Jacques, Stephanus, Caesarius, and Dana Carleton Munro. 1901. Medieval sermon-stories. Philadelphia, Pa: The Department of history of the University of Pennsylvania.

I’ve loved this story ever since I first read it, even though the Roman Catholic world that it was told in is somewhat foreign to me. I don’t have a Catholic understanding of the Beloved Virgin Mary, yet when Mary, the mother of mercy, appears to Beatrix, I find myself deeply moved. I start thinking about all the ways that God protected my best self when my worst self was dominant. Not just in terms of reputation, but in terms of self-knowledge. When I think back upon my younger self, I see him doing many terrible and silly things. A selfish, cruel, unhappy person who could dominate my understanding of those days.
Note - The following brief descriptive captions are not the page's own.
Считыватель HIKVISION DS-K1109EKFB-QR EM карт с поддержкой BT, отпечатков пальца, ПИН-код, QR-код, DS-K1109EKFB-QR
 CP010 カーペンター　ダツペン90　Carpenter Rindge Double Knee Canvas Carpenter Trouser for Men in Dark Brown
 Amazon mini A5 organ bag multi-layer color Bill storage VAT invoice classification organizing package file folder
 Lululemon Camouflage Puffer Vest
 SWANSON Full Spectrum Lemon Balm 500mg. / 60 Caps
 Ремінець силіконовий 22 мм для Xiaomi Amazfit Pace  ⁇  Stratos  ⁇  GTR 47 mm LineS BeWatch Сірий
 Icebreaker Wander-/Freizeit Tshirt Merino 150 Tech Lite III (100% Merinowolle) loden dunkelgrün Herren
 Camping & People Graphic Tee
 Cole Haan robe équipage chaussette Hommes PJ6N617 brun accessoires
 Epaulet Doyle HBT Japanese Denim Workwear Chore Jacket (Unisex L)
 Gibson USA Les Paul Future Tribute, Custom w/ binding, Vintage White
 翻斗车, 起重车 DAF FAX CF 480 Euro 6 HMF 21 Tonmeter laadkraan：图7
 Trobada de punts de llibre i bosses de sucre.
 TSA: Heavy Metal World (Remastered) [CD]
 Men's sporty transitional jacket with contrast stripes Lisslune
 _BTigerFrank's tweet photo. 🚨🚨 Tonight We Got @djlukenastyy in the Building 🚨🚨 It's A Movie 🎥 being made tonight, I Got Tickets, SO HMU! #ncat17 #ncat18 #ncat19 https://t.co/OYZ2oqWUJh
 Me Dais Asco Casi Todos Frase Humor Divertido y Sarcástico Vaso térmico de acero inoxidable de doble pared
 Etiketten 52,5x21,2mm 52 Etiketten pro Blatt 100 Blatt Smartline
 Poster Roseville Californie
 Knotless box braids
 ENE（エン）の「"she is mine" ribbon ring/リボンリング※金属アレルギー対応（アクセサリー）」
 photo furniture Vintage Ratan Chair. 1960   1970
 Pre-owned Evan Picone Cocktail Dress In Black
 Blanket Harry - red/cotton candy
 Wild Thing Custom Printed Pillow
Yet God was preserving the better parts of my nature, and they were making choices, too, continuing in certain disciplines of grace and generosity, preserving something for my future.

Yes, von Heisterbach’s story is fantastical, and if we were only to accept stories that stick to verifiable facts, we would have to reject it. But I hold it up as an example of the Christian story world to make the point that such a world can contain many types of stories, some historical, some well-researched, and some mythical, full of the mood and power of fable. These latter types of stories can speak to truths about ourselves, God, and the world that historical narratives and biographical veracity cannot. And part of the beauty of a story world is that it can include all types of stories, and transcend any number of limitations. It doesn’t have to be systematic. It just has to move the soul.

The Christian tradition has always understood the importance of its stories.  In the early church, much emphasis was placed on Exempla, the stories of saints, apostles, and martyrs that were read or heard by those who were preparing for baptism, with the understanding that these stories would be as formative as the ideas in a catechism, if not more so. In the thirteenth century, two writers created works that have reverberated throughout the church ever since. One was Thomas Aquinas, whose Summa Theologica probably needs no introduction, as it is still prominent enough that precocious college students quote it to win arguments. The other was Jacobus de Voragine, an Italian bishop who collected stories of the saints into a compendium called The Golden Legend. Until the sixteenth century, it was one of the most popular books in Europe, reproduced more times than the Bible. I am not trying to set up a rivalry here, since the Summa Theologica is a majestic work. But I feel a sense of loss that the Summa Theologica has persisted while The Golden Legend has not (although you can still find it in many good translations). After the enlightenment and the Protestant Reformation, the story world of Christianity faded and dimmed, while the ideology of Christianity grew and grew. We became accustomed to using only one lens when trying to read our lives and our experiences of God.

And that is why I’ve gone on this long digression, when trying to talk to you about awakening to the Wound of Divine Love. Just as awakenings to the Revelation of Divine Beauty take place in nature, or in the presence of art, or even in moments of transcendent ugliness, like in Buechner’s account, awakenings to the Wound of Divine Love take place within a story world. They take place in people who are already immersed in a certain understanding of God and the world. This is in part a theological understanding. But to a much larger degree, it’s a story world understanding. The stories of saints and martyrs, of pilgrims and hermits, of widows and orphans, of priests and parishioners tell us how the world works, and how God works, and how we might work if we are able to balance our love of God with our grieving for the brokenness of creation. Awakening to the Wound of Divine Love is like setting out on a journey at the beginning of an epic tale. When we awaken in this way, we say that we, too, want to participate in the narrative, that we’ll allow that narrative to take us to many unexpected, and sometimes undesirable, places, and that we expect to change, to become more like the Divine Lover of the World, as we travel.